■ **EXERCISE AIM**:
Images are to be excluded, and the rest of the data repeated exactly.

■ **TASK INPUTS**:
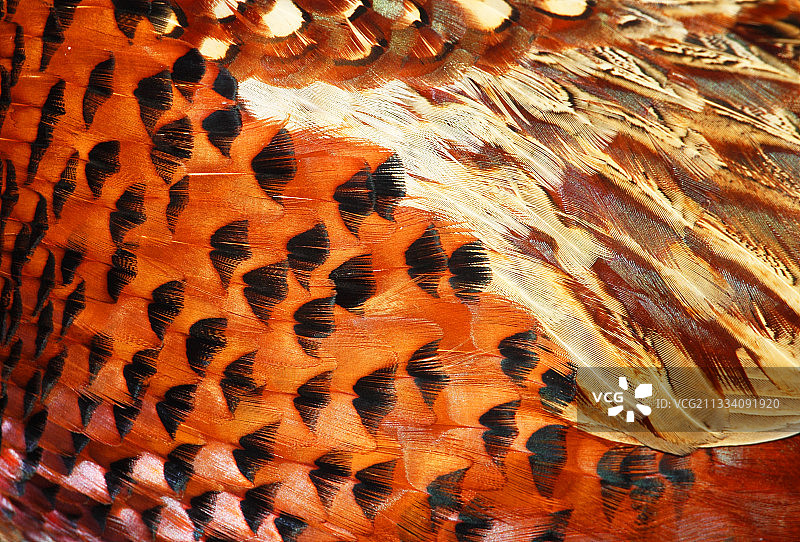 秋季雄性野鸡的羽毛细节图片素材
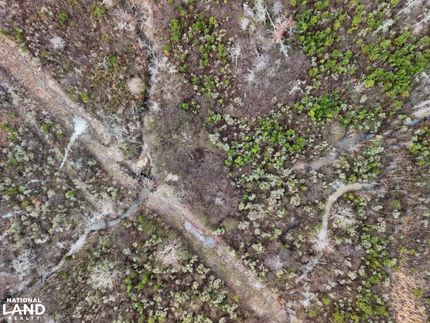 Property for sale in Scott County, Mississippi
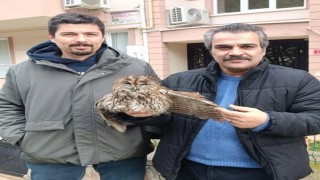 Burhaniye de soğuk hava yaban hayvanlarını da olumsuz etkiledi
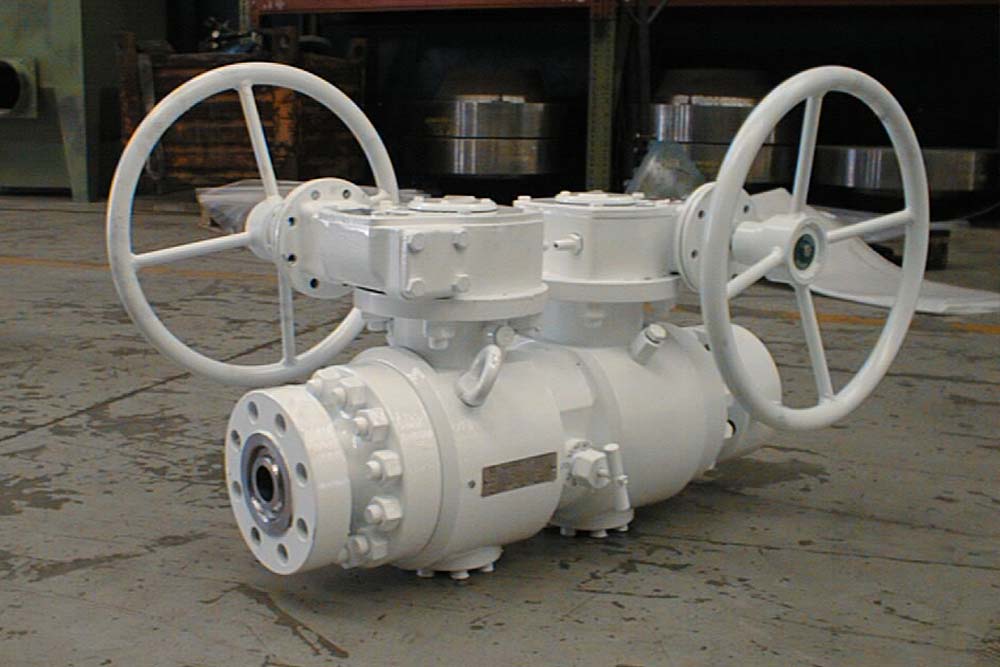 RDSP0 PRJN2318 23PB 1 04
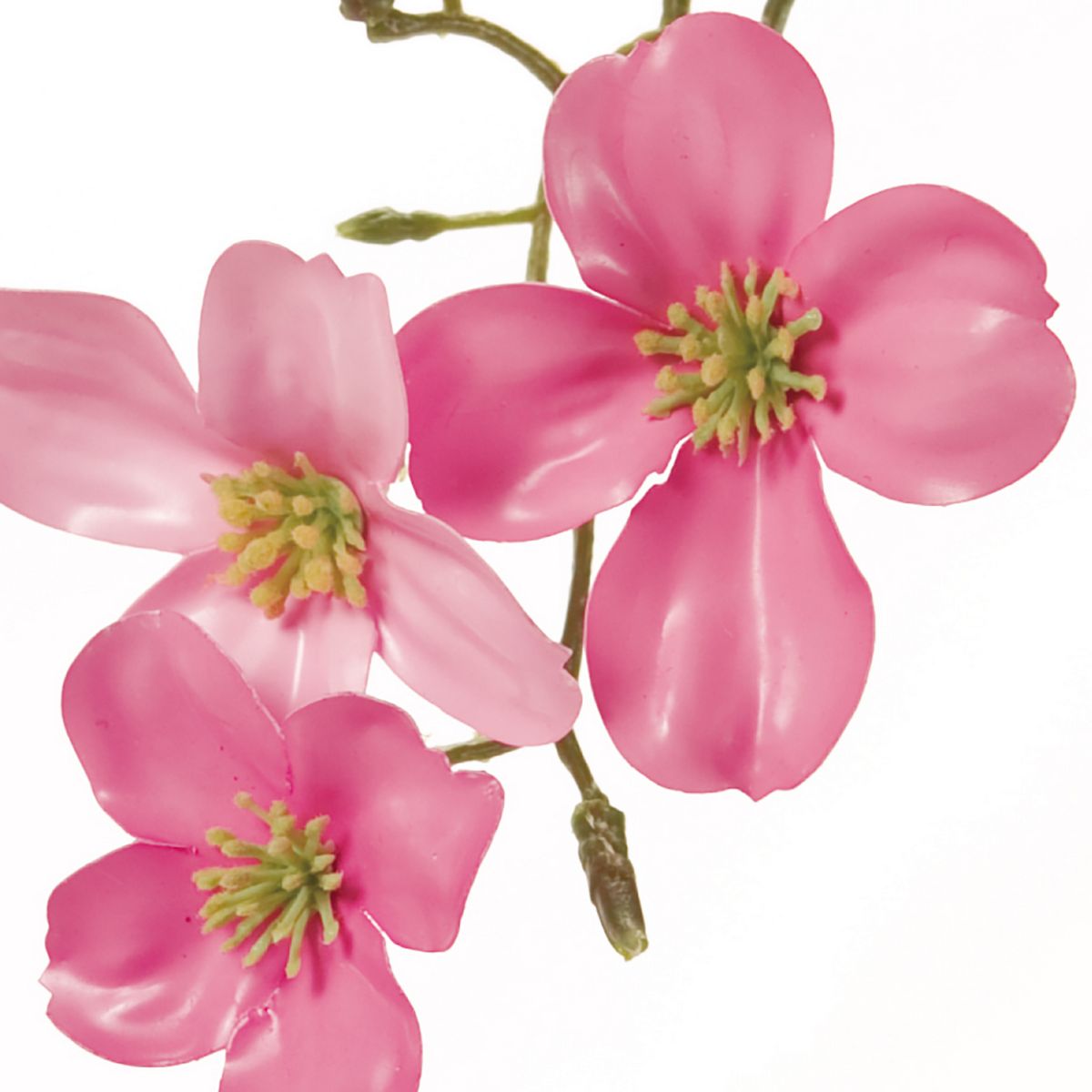 造花 Magiq 東京堂 花みずきポーセリナ 52 ダークピンク Fm 052 通販 はなどんやアソシエ 造花 Magiq 東京堂 花みずきポーセリナ 52 ダークピンク Fm 052 通販 はなどんやアソシエ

■ **RESPONSE TO THE TASK**:
 秋季雄性野鸡的羽毛细节图片素材
 Property for sale in Scott County, Mississippi
 Burhaniye de soğuk hava yaban hayvanlarını da olumsuz etkiledi
 RDSP0 PRJN2318 23PB 1 04
 造花 Magiq 東京堂 花みずきポーセリナ 52 ダークピンク Fm 052 通販 はなどんやアソシエ 造花 Magiq 東京堂 花みずきポーセリナ 52 ダークピンク Fm 052 通販 はなどんやアソシエ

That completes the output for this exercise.